So, a neat thing, depending on how you look at it, about greenhouse gases is that while it's causing a raise in temperature near the surface it actually makes the upper parts of the atmosphere decrease in temperature. Venus is a good example of this.
Now on another note, atmospheric escape depends significantly on the planet/moon's escape velocity and the atmospheric temperature. The lower the temperature then the lower escape velocity a planet can have and still maintain their atmospheres for a significant amount of time.
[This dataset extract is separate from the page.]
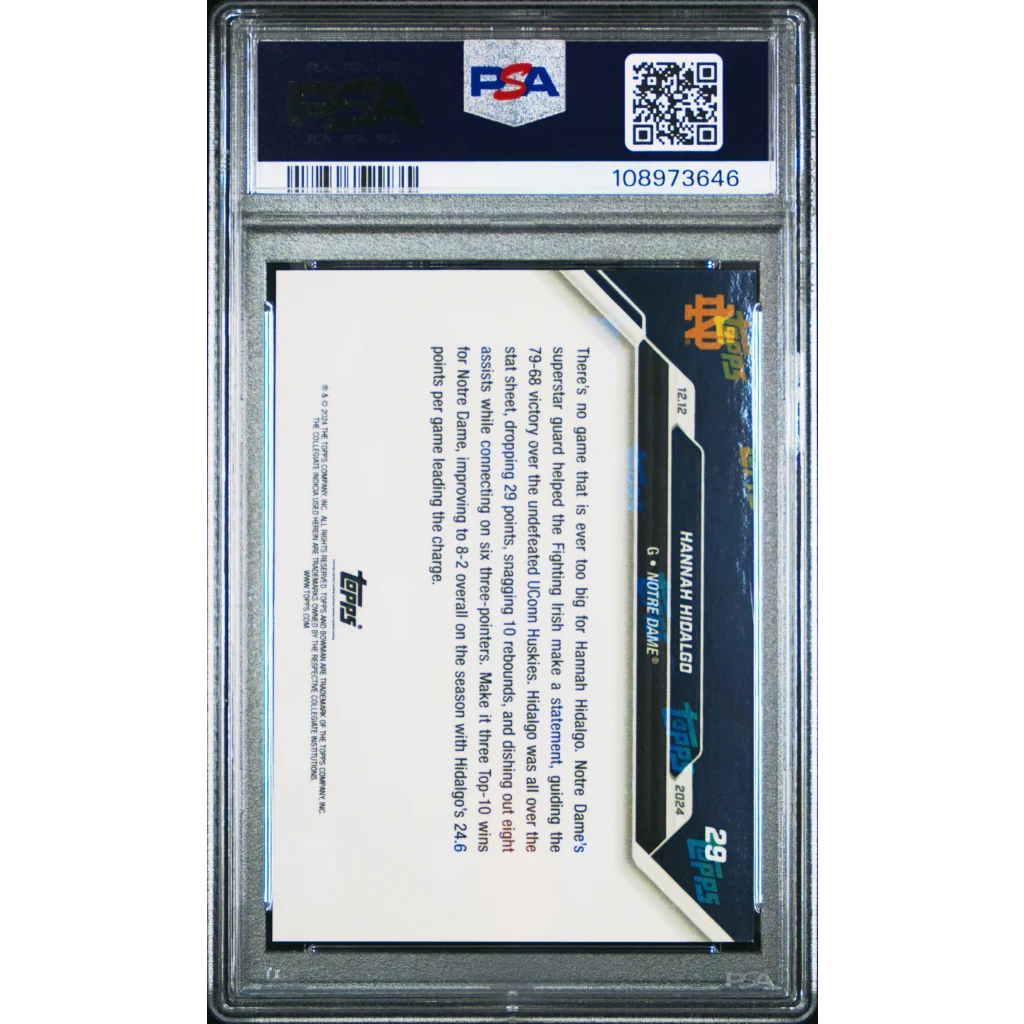 PSA graded Hannah Hidalgo purple basketball card by professional sports authenticator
Titan is a good example of this.
What I'm curious about is if a smaller planet, like perhaps our moon, had a larger amount of greenhouse gases than here on Earth which in turn would cause a significantly lower temperature in the upper atmosphere which then would that be enough to slow down gases that are attempting to escape to space, so that the atmosphere would last at least for millions of years. (As of now, the best calculations I have seen so far puts an Earthlike atmosphere on the moon lasting for roughly 700,000 years).
It is my thoughts that the upper atmosphere would work similar to the cold trap we have on Earth, only instead of freezing the gases it instead slows them down enough for the Moon to pull them back in.
Any opinions on this or calculations for this?
P.s. A cold trap is an area in our atmosphere that gets so cold that water freezes and falls back down. It's the primary reason our water hasn't floated off into space.